Using error codes effectively

In the previous posts we have seen what error codes and error conditions are. But the way we used them is far from optimum. In particular, the implementation of FailureSourceCategory::equivalent was huge and error category FailureSourceCategory was forced to be aware of all error codes from all sub-systems in the project. In this post we will see how we can do better, especially in more complex systems.

The problem

Let’s start with restating the problem from the previous posts and making it a bit more complicated.

We have a sub-system for finding flights, call it Flights, which documents the following error codes and their meaning.

Flights — error codes
10 non-existent locations in request
11 requested dates in the past
12 inverted date range in request
20 no flights found
30 protocol violation
31 connection error
32 resource error
33 timeout

This time we are not using an enum, but reflect the way two teams usually communicate: by documents. The only thing we are informed about is numeric values of error codes. They will be returned from subsystems as integer values, probably in XML files.

Similarly, we have a service for finding available seats on a given flight, call it Seats, which claims to be able to return the following error codes in case of failure:

Seats — error codes
1 invalid request
2 could not connect
3 internal error
4 no response
5 non-existent class
6 no seats avaialble

Now, as specified in the previous posts, I want to be able at some point to decide whether the error code returned from any of the sub-systems falls into one of the following categories:

  1. User sent us an illogical request.
  2. There is some problem with the system which the user will not understand but which prevents us from returning the requested answer.
  3. No airline we are aware of is able to offer a requested trip.

This is the same problem as in previous posts. Now, however, we will be also logging different conditions, and at some point we want to determine the severity of an error. It will be one of:

  1. A bug.
  2. An incorrect configuration.
  3. A (perhaps temporary) shortage of resources.
  4. Normal (like “no solutions found”) — user may be disappointed, but developers or the system did nothing wrong.
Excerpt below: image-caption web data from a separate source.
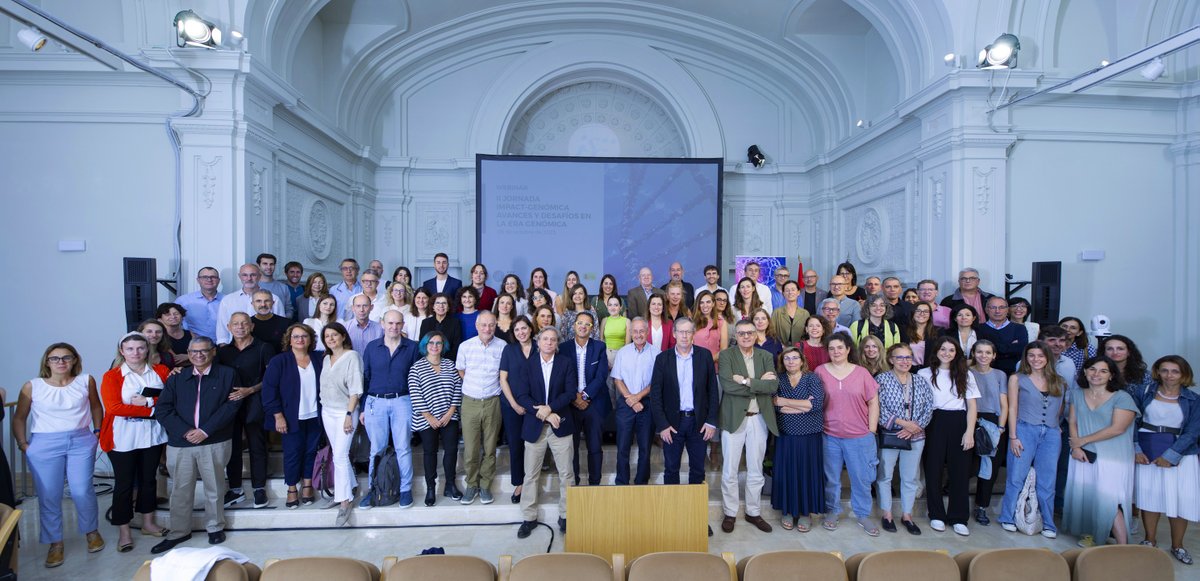 Instituto de Salud Carlos III (ISCIII) (@saludisciii) on Twitter photo El #ISCIII, con el programa de medicina de precisión #IMPaCT Genómica coordinado por <a href="/CIBER_ISCIII/">CIBER ISCIII</a>, participa en el hallazgo de una causa genética de trastornos del neurodesarrollo que da respuestas a miles de personas afectadas.
📰 #NoticiasISCIII ➡️ isciii.es/w/nueva-causa-… El #ISCIII, con el programa de medicina de precisión #IMPaCT Genómica coordinado por <a href="/CIBER_ISCIII/">CIBER ISCIII</a>, participa en el hallazgo de una causa genética de trastornos del neurodesarrollo que da respuestas a miles de personas afectadas.
📰 #NoticiasISCIII ➡️ isciii.es/w/nueva-causa-…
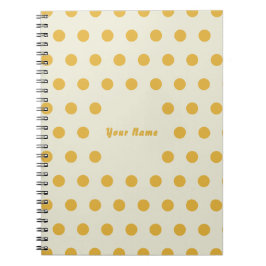 Cuaderno personalizado con patrón de puntos amaril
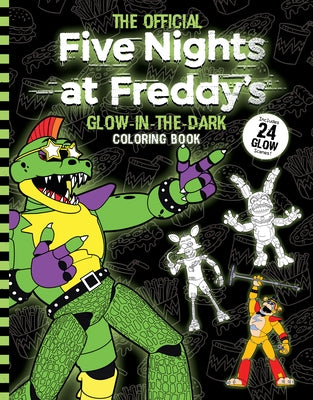 Five Nights at Freddy's Glow in the Dark Coloring Book by Cawthon, Scott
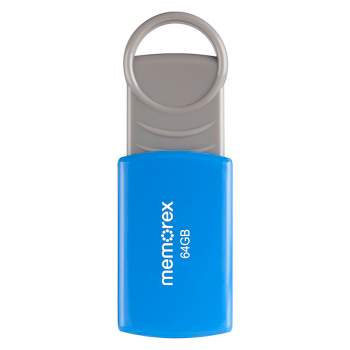 Memorex 64GB Flash Drive USB 2.0 - Blue (32020006421)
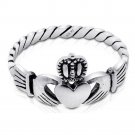 Sterling Silver .925 Irish Claddagh Friendship and Love Sizes 4-10 | Made in USA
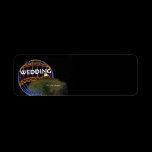 Las Vegas Wedding Label labels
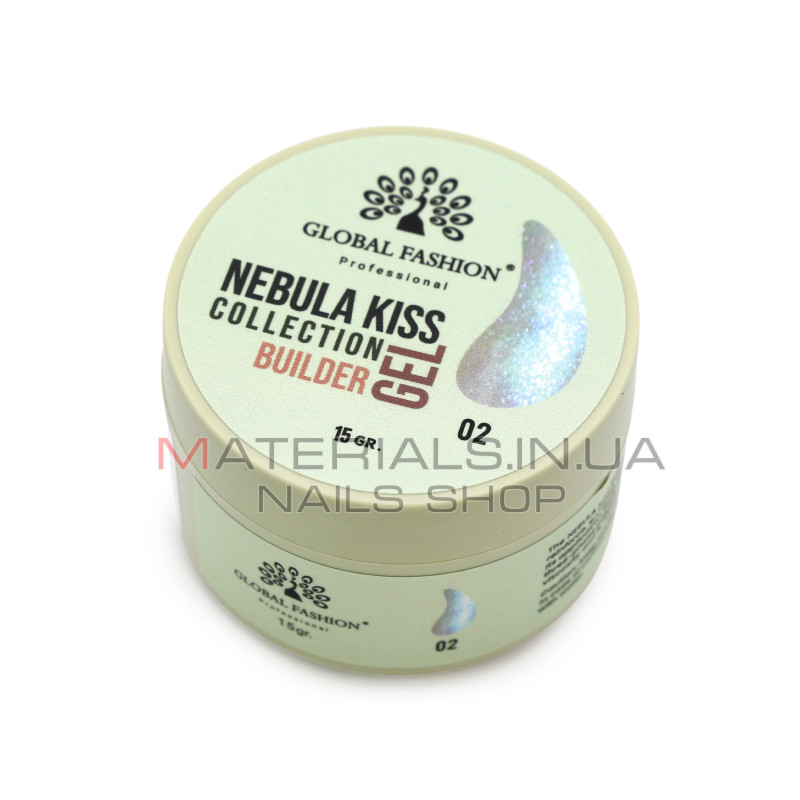 Гель для моделювання нігтів 15 гр, Nebula Kiss Builder Gel 02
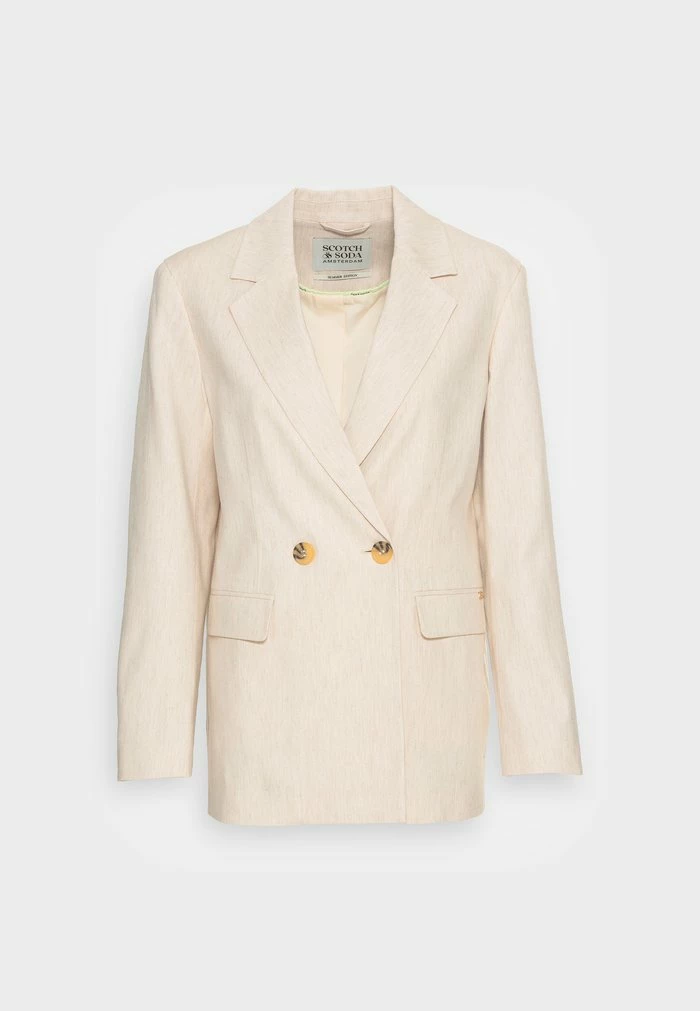 Scotch & Soda DOUBLE BREASTED - Blazer - Sand Melange 4 Scotch & Soda DOUBLE BREASTED - Blazer - Sand Melange – Image 4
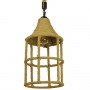 GloboStar® YUBA 01612 Vintage Κρεμαστό Φωτιστικό Οροφής Μονόφωτο 1 x E27 Πλέγμα με Μπεζ Σχοινί Φ22 x Υ40cm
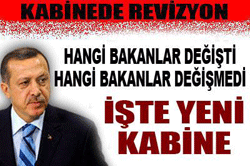 Erdoğan yeni kabineyi açıkladı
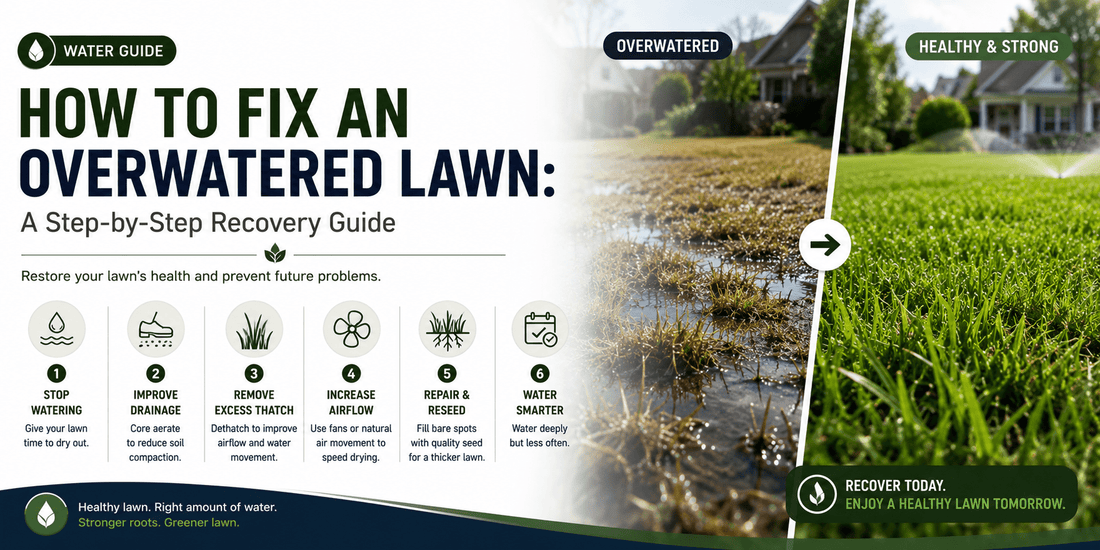 How to Fix an Overwatered Lawn: A Step-by-Step Recovery Guide - Soildrops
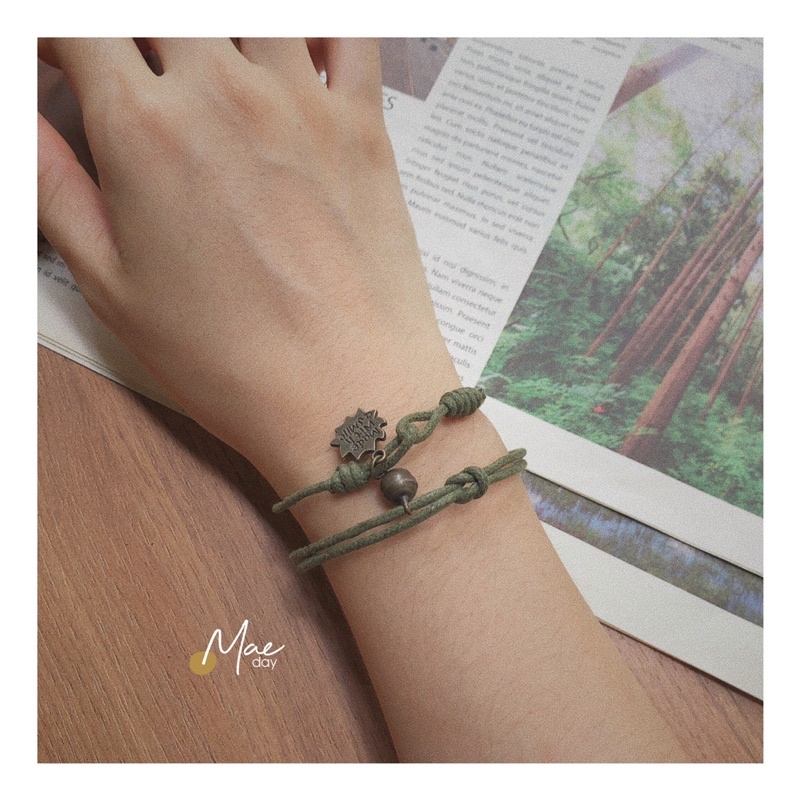 Vòng tay Sora - Vòng tay thắt nút charm mặt trời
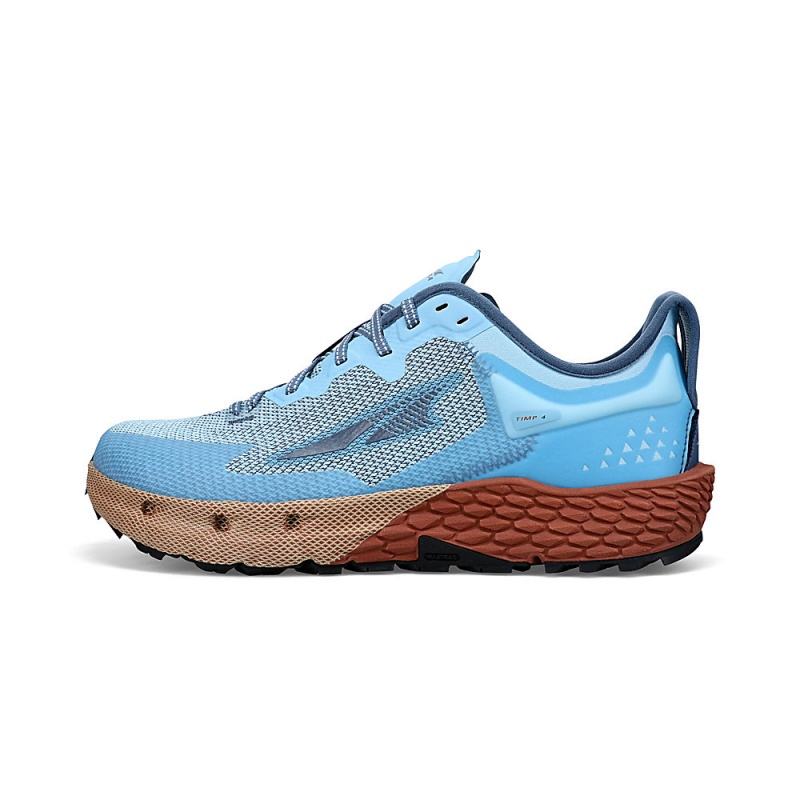 Zapatillas Trail Running Altra TIMP 4 Hombre Azules Claro | Chile-98275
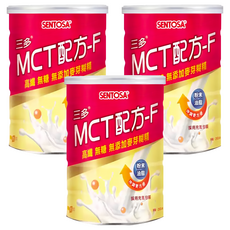 SENTOSA 三多 MCT配方-F，高纖 無糖 無添加麥芽糊精, 250g, 3罐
Thus we will be performing two different queries. Additiobally, to make the matter more complicated, sometimes we will not be using sub-system Flights, but instead we will be calling a competitive sub-system, called Flights-2, which does practically the same thing (but faster), but uses different values for errors:

Flights-2 — error codes
11 invalid request format
12 could not connect
13 database error
14 not enough memory
15 internal error
16 no such airport
17 journey in the past
18 dates not monotonic

Now you get the idea of the complexity of the problem. Obviously, the problem can grow in two directions:

  1. More sub-systems can be replaced, each sub-system providing a different set error code values.
  2. More queries on error codes may be needed.

The solution

In order to address this, we will introduce a yet another, artificial set of error conditions that will enumerate anything that can go wrong in any of the sub-systems: it will be a super-set of the error codes from any of the sub-systems. Error codes like 30 from Fights or 1 from Seats or 11 from Flights-2 will all be mapped onto one normalized value “protocol error”. Such “normalized” condition looses some information (like original numeric value, or from which system it originated) but retains sufficient granularity for high level queries (these for severity, or error source, or any future queries) to give correct answers.

Once we have this “normalized” error values, we will be able to provide:

  1. Mappings from sub-system error codes onto the normalized error conditions.
  2. Mappings from the normalized error conditions onto the high-level error queries.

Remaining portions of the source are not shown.